In essence, we are now starting the attack process again.  We discovered new hosts, then we analyze the open services and vulnerabilities, then determine exploit.  Pivoting allows an attacker to go deep into the network.
Next, I need to setup a pivot.  Through this method, I will set a stager on the server and this will allow me to seem as if I am an authorized user on the server in order to interact with the other hosts.
o Right-click the Windows 2003 (192.168.1.105) and select Meterpreter/Pivoting/Setup.
o Select the second network (192.168.56.0) and click ‘Add Pivot.’
o The pivot will be successful when a pop-up message states ‘Route added.’  You will see the Windows 2003 displaying an arrow to each of the hosts in the new network.
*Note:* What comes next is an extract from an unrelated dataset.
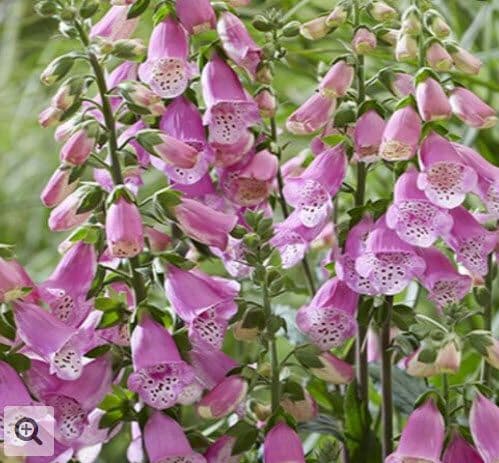 Digitalis Pink Panther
Hit Ctrl+H to display a clearer connection from the 2003 Server to the newly discovered hosts.
Now, we need to scan the unknown hosts to determine the OS and open services running.
o Right-click on an unknown host and click ‘scan’ and click ‘OK’ for the pop-up message.
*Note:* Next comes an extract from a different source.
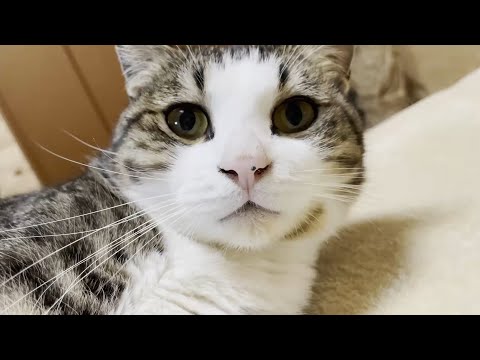 「オデコ、鼻くそ付いてる」って言われる猫(YouTube)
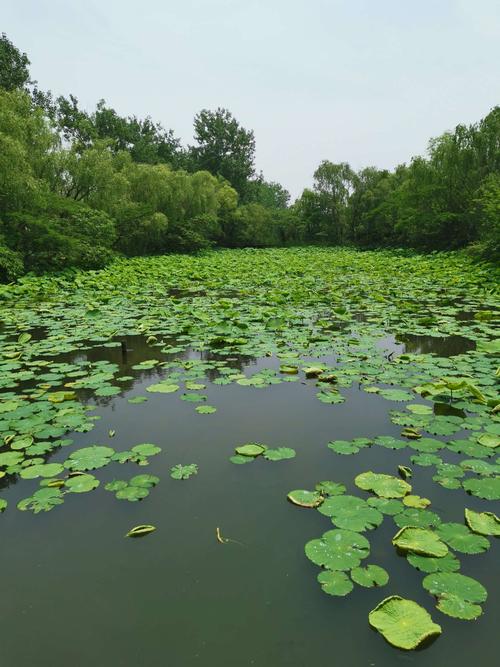 秦湖绿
o I right-click host 192.168.56.102 and select Login/psexec.  This will allow me to perform ‘Pass the Hash’ technique on the host with previously collected usernames and hashes.
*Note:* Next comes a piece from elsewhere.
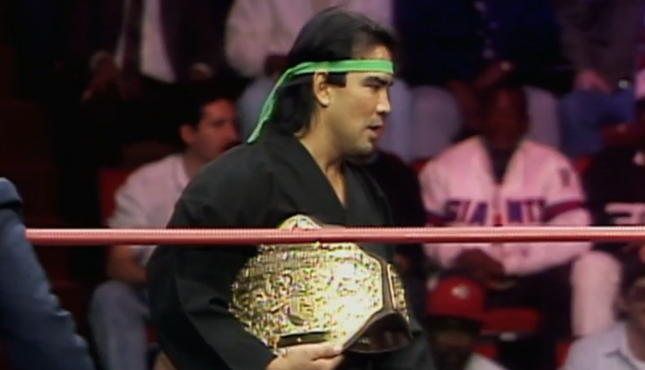 ricky steamboat titles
I wait until the process is complete to find successful login information.
o I right-click host 192.168.56.102 and select Login/psexec.  I select the successful user and pass login and click ‘Launch.’
o With the correct username/hash (password), I will have authorization over the machine.
I forgot to compromise the Windows 7 machine and decided to do it at that moment.
o Go to the menu and select Attacks/Browser Autopwn
This will set the attacker’s IP address as a web server; furthermore, it will load up a collection of modules that will be able to perform ‘browser-fingerprinting’ to any client that visits the attacker’s malicious IP address.  At that moment, it will determine the type and version of the victim’s browser and exploit the visitor’s machine for the attacker to gain full control.
o The Browser AutoPWN will be preloaded with required settings.  You just have to set the URI path.  That is the path after the attacker’s IP address.  I just enter ‘/’  Also, you can set the SRVPORT to 80.  That is default port for a web server so the victim just has to visit the address without a port set following the address.
o The IP address that needs to be visited will be displayed when the web server is up and running.
o The address is http://192.168.1.121:8080
o I go to my Windows 7 machine and open IE 8 and visit the malicious site.
o Fortunately, we owned another box.

1 comment:

  1. Awesome article! Thanks for sharing!